THEIA will be a novel, “hybrid” optical neutrino detector, with a rich physics program. THEIA will make use of a number of novel technologies to achieve successful hybrid event detection. Water-based liquid scintillator (WbLS), or slow scintillators can be used to enhance the Cherenkov signal by either reducing or delaying the scintillation component. The use of angular as well as timing information, with sufficiently fast photon detectors, can offer discrimination between Cherenkov and scintillation light for high-energy events even in a standard scintillator like LAB-PPO. Separation can also be enhanced using very fast photon detectors, such as LAPPDs (Large Area Picosecond Photo-Detectors), or spectral sorting using dichroic filters.

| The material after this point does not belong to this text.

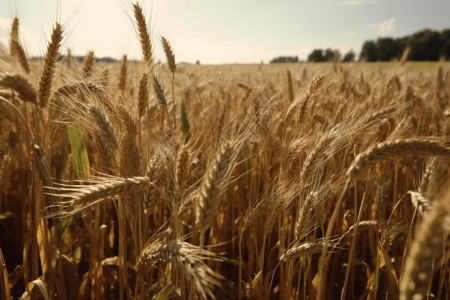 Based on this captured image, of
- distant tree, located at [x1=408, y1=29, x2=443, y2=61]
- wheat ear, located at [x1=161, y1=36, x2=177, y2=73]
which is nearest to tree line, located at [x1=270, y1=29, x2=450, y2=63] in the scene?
distant tree, located at [x1=408, y1=29, x2=443, y2=61]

Fig 1. The THEIA detector. Upper panel: THEIA-25 sited in the planned fourth DUNE cavern; Lower left panel: an interior view of THEIA-25; Lower center panel: Exterior view of THEIA-100; Lower right panel: an interior view of THEIA-100

THEIA could reside in a cavern the size and shape of those planned for the Deep Underground Neutrino Experiment (DUNE), called Theia-25, and a larger 100-kton version (Theia-100) that could achieve an even broader and more sensitive scientific program (Fig. 1). THEIA is expected to allow for new scientific discovery across a broad spectrum of physics, including long baseline neutrino measurements of oscillations and CP violation searches, solar neutrino measurements of unprecedented precision and scope, and the potential to extend the reach of neutrinoless double beta decay searches to the mass scales implied by a Normal Ordering of neutrino masses. In addition, THEIA represents a major step forward for advancement in other fields – ranging from detection of the Diffuse Supernova Background flux to a measurement of geo-neutrinos with unprecedented statistics.